Photo by Mark Timberlake on Unsplash
We went on a cruise with friends and had planned everything out, including our excursions, with special focus on the activity I had my heart set on: swimming in the cenotes, little bodies of water in underground caves.
On the day of the trip I could barely get out of bed. I had so much lower back pain I was leaning on walls to walk. Getting up from a chair was excruciating. There was no way I could go anywhere but to the ship’s hospital. I was brought there in a wheelchair.
Besides physical pain and disappointment, I also felt something akin to guilt because my husband refused to leave my side. Now I was messing up his vacation. On the other hand, I would have stayed with him that day if our situations had been reversed.
Going forward, there were plenty of occasions for me to reciprocate and plenty of other occasions for me to be the injured party. Here’s the question to wrestle with: Do we always have to stay back with the person who is under the weather? Here’s the answer we have come up with: No.
My husband has had his own share of back injuries, a broken foot, a cough so bad it broke a rib, and cancer. I have had to do at least four extended stints on physical therapy for back pain, and once was out of work for a “sports injury” that affected the nerves in my shoulder (I fell off my bike while mounting it and holding the dog’s leash). We have had plenty of time for caregiving in our forty years of marriage. We have also had plenty of time for going off on our own.

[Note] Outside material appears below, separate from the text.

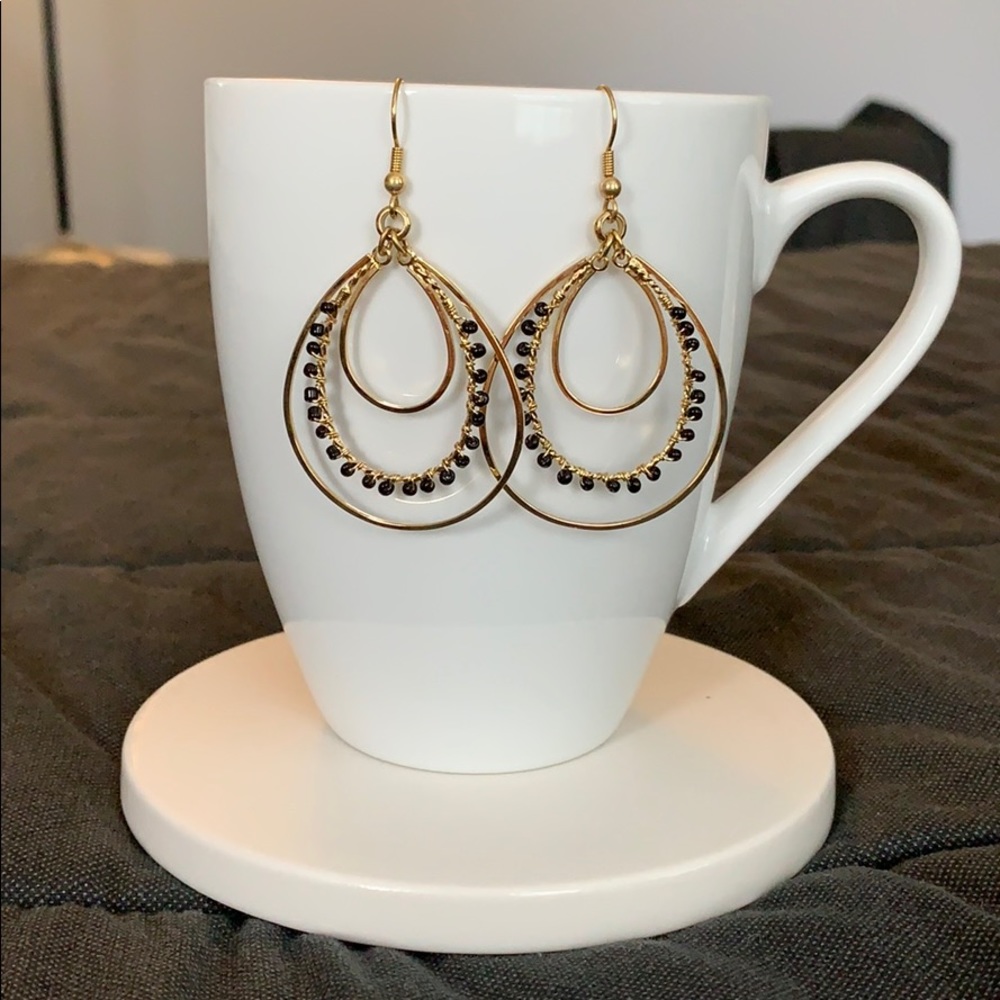 Gold tone earrings with black beads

When I had the shoulder injury, Perry went to a wedding I couldn’t attend, and went ahead to a couple of football games. I used to love hiking in the woods, but he often didn’t feel up to it for various reasons ranging from fatigue to upper back pain to to dislike of cold/heat/bugs/mud. Off I went. I wouldn’t want him to push himself beyond what he feels he can do. Likewise, I don’t like going to football games because the seats cause my back to hurt. I have recently been having problems with my knees. On bad days I have no trouble declining walks, nor do I care if he goes without me.
People, especially older people, have physical issues that pop up. I will not let myself develop a case of FOMO (Fear of Missing Out) if my body is giving me instructions. My body gives lots of instructions.

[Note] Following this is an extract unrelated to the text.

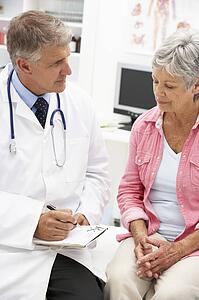 Doctor with female patient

Don’t eat that greasy sandwich. Order the salad.
Your knees hurt. Take the elevator.
You have a cold (flu/Covid/whatever). Stay away from everyone. Drink lots of fluids. Read a book and take a nap.
My body (and everyone else’s) has it’s limitations. If I violate those limitations it will have no chance to heal and I will be sidelined even longer. I don’t like having to sit out activities I want to do, but my body is my guide. So far, all the issues have resolved themselves in time.